Greffier lors des débats : Mme Caroline VAN-HULST.
Les parties ont été avisées que le prononcé de la décision aurait lieu par mise à disposition au greffe le 07 Mai 2026.
ARRÊT
Contradictoire,
Prononcé par mise à disposition au greffe le 07 Mai 2026,
Signé par M. Gilles PACAUD, Président et Mme Caroline VAN-HULST, greffier auquel la minute de la décision a été remise par le magistrat signataire.
***
EXPOSE DU LITIGE :
Par acte authentique en date du 27 janvier 2022, monsieur [W] [E] et madame [K] [E] née [O] ont acquis de la société par actions simplifiée (SAS) [Adresse 1] un appartement et deux parking sis [Adresse 4] à [Localité 5] constituant les lots 18, 19, 43 et 56 au sein d’un ensemble immobilier dénommé [Adresse 5], au prix de 1 550 000 euros.
La vente était conclue en l’état futur d’achèvement avec une livraison devant intervenir au plus tard le 31 mars 2023 sauf survenance d’un cas de force majeure ou de suspension du délai de livraison.
En l’absence de livraison du bien immobilier, par acte de commissaire de justice en date du 2 août 2024, M. et Mme [E] ont fait assigner la société Le Parc Impérial de RCM, devant le président du tribunal judiciaire de Nice, statuant en référé, aux fins d’obtenir la livraison des biens immobiliers situés à Roquebrune-Cap-Martin, [Adresse 4] et ce, sous astreinte de 1000 euros par jour de retard courant à compter de la signification de la décision à intervenir, outre une indemnité sur le fondement de l’article 700 du code de procédure civile et aux dépens.

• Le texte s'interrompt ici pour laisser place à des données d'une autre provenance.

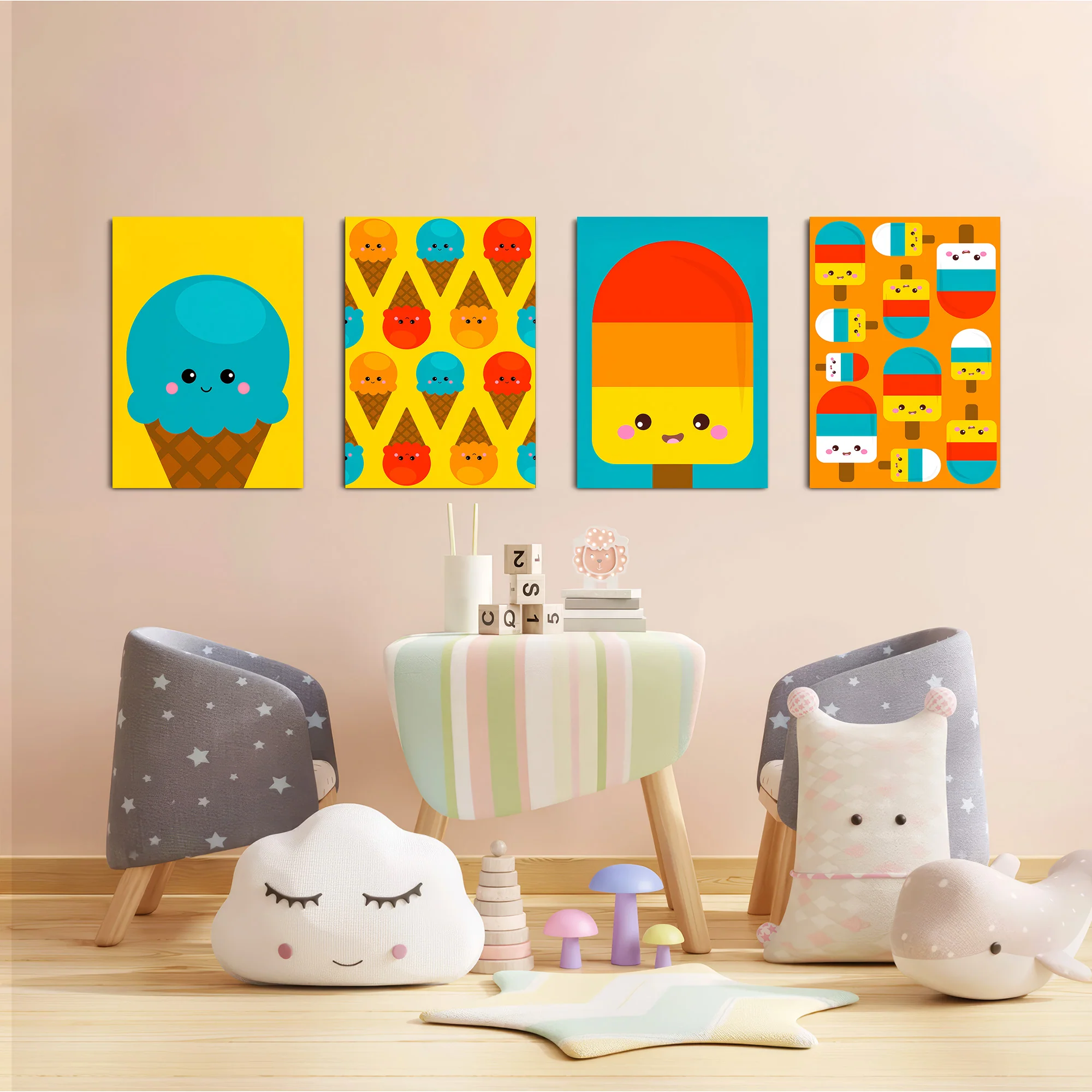 Kawaii Ice Cream Treats 4 Pieces Kids Metal Wall Art - Image 6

Par ordonnance contradictoire en date du 20 mai 2025, le juge des référés du tribunal judiciaire de Nice a :
— dit n’y avoir lieu à référé ;
— rejeté l’ensemble des demandes ;
— rejeté les demandes formées en application de l’article 700 du code de procédure civile ;
— laissé les dépens de l’instance à la charge de M. et Mme [E].
Ce magistrat a, notamment, considéré que :
— il existait des contestations sérieuses faisant obstacle à la demande de livraison sous astreinte des biens dans la mesure où les parties n’étaient pas parvenues à s’entendre sur la date de livraison des biens, nonobstant l’achèvement des travaux, où les époux [E] soutenaient subir un préjudice financier et ne justifiaient pas de leur intention de verser le solde du prix de vente lors de la livraison, où la société [Adresse 1] avait saisi le juge du fond en vue d’obtenir la résolution de la vente ainsi que des dommages et intérêts et où il n’appartenait pas au juge des référés de se prononcer sur les causes du retard du chantier et de la livraison ;
— des contestations sérieuses existaient aussi en lien avec les créances invoquées par chacune des parties faisant obstacle à la demande reconventionnelle de provision au titre des travaux supplémentaires présentée par la société Le Parc Impérial de RCM.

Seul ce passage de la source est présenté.